▶ **SUPPLIED MATERIAL**
------------

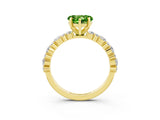 Yellow gold Heart Cut Peridot Solitaire with Side Stones, Pave Band, Four-Prong Setting_39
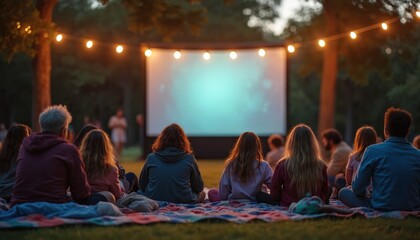 People sit on blanket in park, watch movie on outdoor screen. Summer cinema event at night with friends family. Public entertainment show, open air festival, leisure activity. Blank screen for text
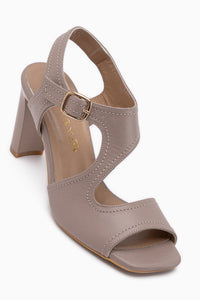 Lucie Genuine Leather Mink Thick Heeled Women’s Sandal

------------

▶ **TASK STATEMENT**
A verbatim copy is needed of the lines running from the line with "People sit on" to the end of the data above, both included. Keep the pictures out of it.

▶ **RESULT FOR THIS EXERCISE**
 People sit on blanket in park, watch movie on outdoor screen. Summer cinema event at night with friends family. Public entertainment show, open air festival, leisure activity. Blank screen for text
 Lucie Genuine Leather Mink Thick Heeled Women’s Sandal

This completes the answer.